Opinión

Un verso de Robert Herrick

Cuando era muy joven, allá por el pleistoceno, podía comer casi cualquier cosa, pues nada me engordaba. Da igual lo que me apeteciese: estaba permitido, estaba bien y no habría consecuencias. En la universidad desayunaba un café con leche y pincho de tortilla, comía macarrones con tomate y un filete empanado, y cenaba croquetas con patatas fritas y kétchup a discreción. Pues nada, la báscula seguía en su sitio, bailando entre los 49 y los 51 kilos. Me servía la ropa de todas mis amigas. Me quedaban bien todos los pantalones. Es una lástima que alguien no se hubiese acercado a mí para susurrarme los versos de Robert Herrick "coged las rosas mientras podáis", que es como decir "aprovecha el momento". Es decir, saca partido a las comidas grasientas porque llegará el día en que te engordará prácticamente todo.
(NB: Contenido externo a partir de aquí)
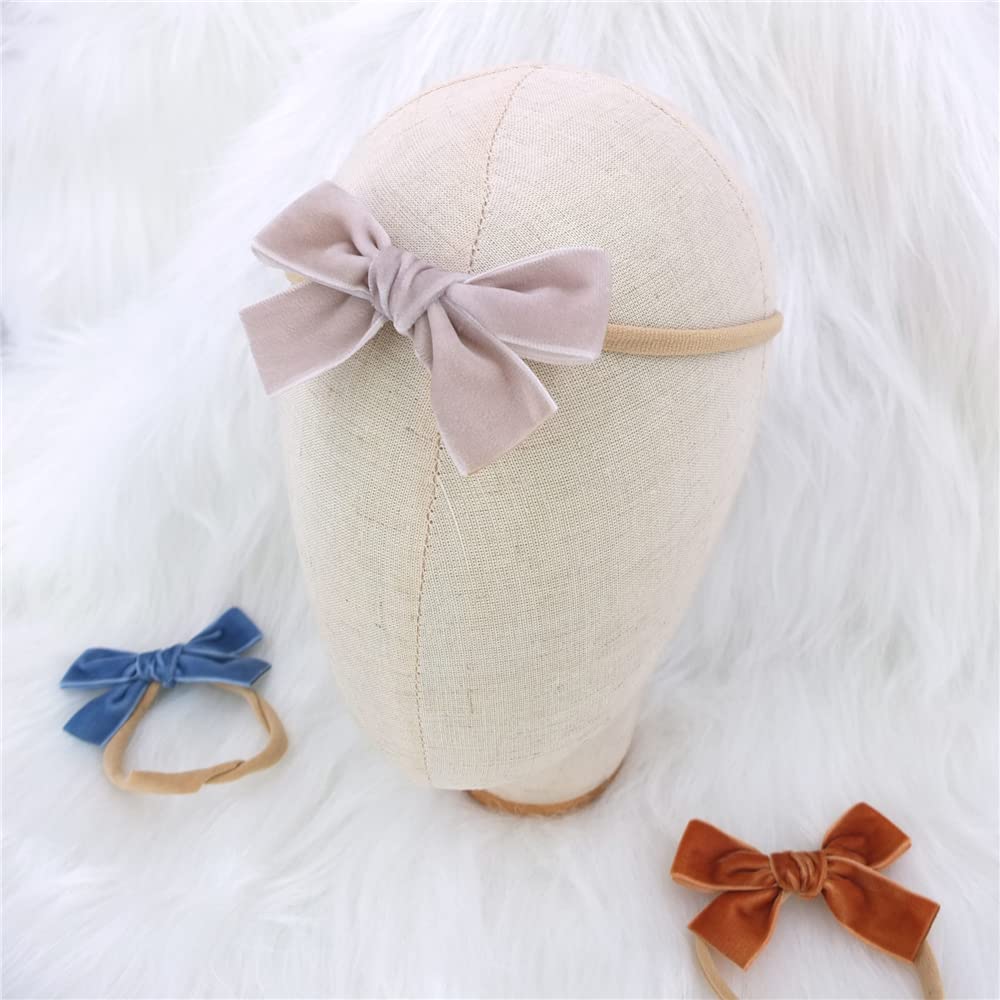 Sugarmelon stretchy nylon headband demonstrates secure fit without slipping through extended wear.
La mediana edad es así. Te toma por asalto, y de pronto tienes que comer con la cabeza, rechazar el postre y sentirte culpable si te lanzas sobre una trozo de pizza o una hamburguesa doble. La chica capaz de cenar una caja de donuts (lo hice una vez, en segundo de carrera: fue maravilloso) es ahora una pobre mujer que se pregunta cuántas calorías tendrá ese plato de arroz con verduras y si caminar hasta la extenuación bastará para hacer penitencia tras sucumbir ante un bocadillo de beicon. Es evidente que hacerse mayor tiene algunas ventajas, pero en la mediana edad un cucurucho de patatas fritas se convierte en en una fiesta, y un pastel con helado por encima constituye un placer del que uno se arrepiente en cuanto rebaña la última cucharada.

Hoy, mientras compraba brécol, una bolsa de canónigos y 200 gramos de champiñones crudos pensé en aquella chica menuda que merendaba bocadillos de nocilla mientras estudiaba los parciales. Me gustaría que alguien le hubiese advertido que a partir de los 45 le retirarían la patente de corso para comer cuanto quisiera para que untase de crema de chocolate y avellanas los dos lados de la tostada.